→ Task:
All lines below between the line with "Thành tích gần" and the line with "The Backup CHILD", including both, must be copied exactly, and the pictures must be omitted.

→ Task material:
*** Begin section ***

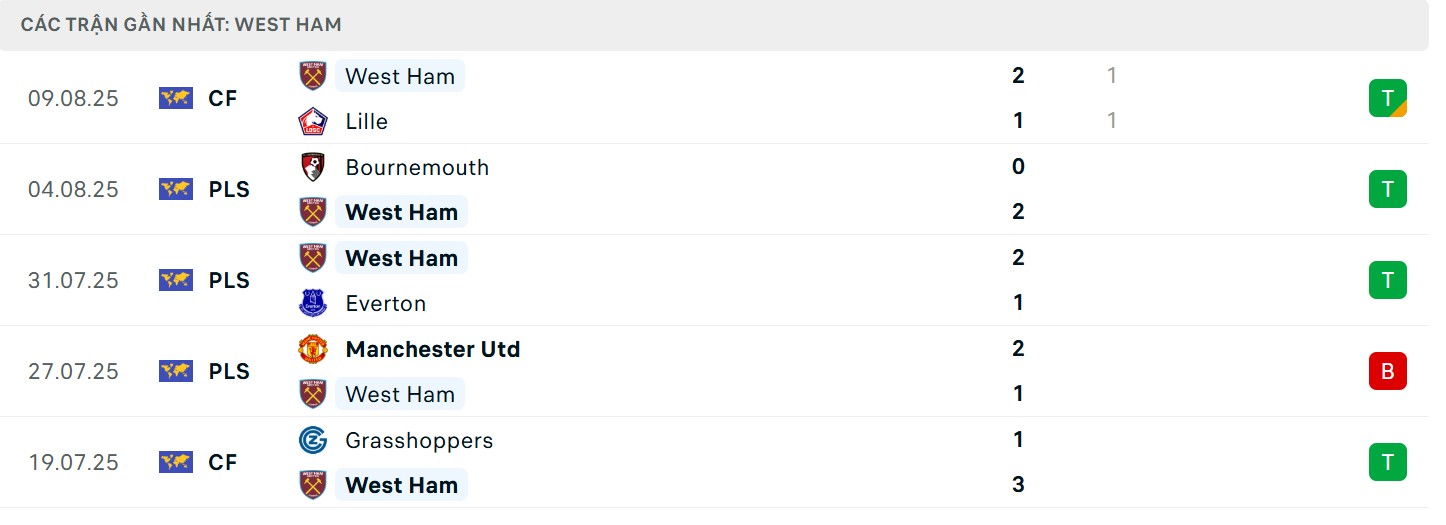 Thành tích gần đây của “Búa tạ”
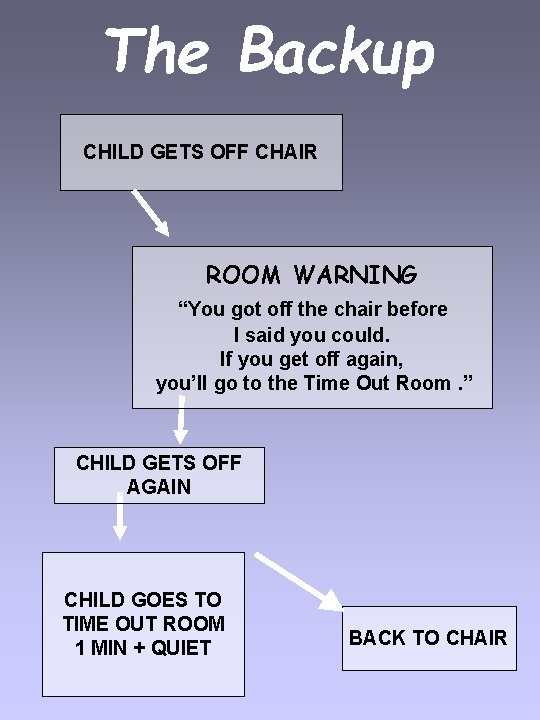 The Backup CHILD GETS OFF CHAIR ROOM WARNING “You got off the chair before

*** End section ***
*** Begin section ***

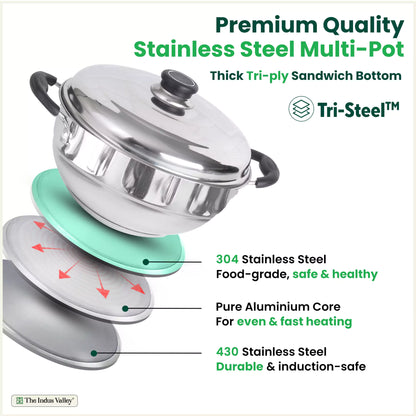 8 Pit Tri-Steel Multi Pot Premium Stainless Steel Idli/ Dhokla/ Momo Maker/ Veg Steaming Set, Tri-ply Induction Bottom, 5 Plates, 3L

*** End section ***
*** Begin section ***

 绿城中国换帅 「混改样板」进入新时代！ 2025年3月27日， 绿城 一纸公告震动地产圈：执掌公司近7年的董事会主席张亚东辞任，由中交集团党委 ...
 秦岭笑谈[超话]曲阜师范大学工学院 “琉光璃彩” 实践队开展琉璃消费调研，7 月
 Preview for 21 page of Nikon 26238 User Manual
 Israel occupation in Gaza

*** End section ***

→ Answer section:
 Thành tích gần đây của “Búa tạ”
 The Backup CHILD GETS OFF CHAIR ROOM WARNING “You got off the chair before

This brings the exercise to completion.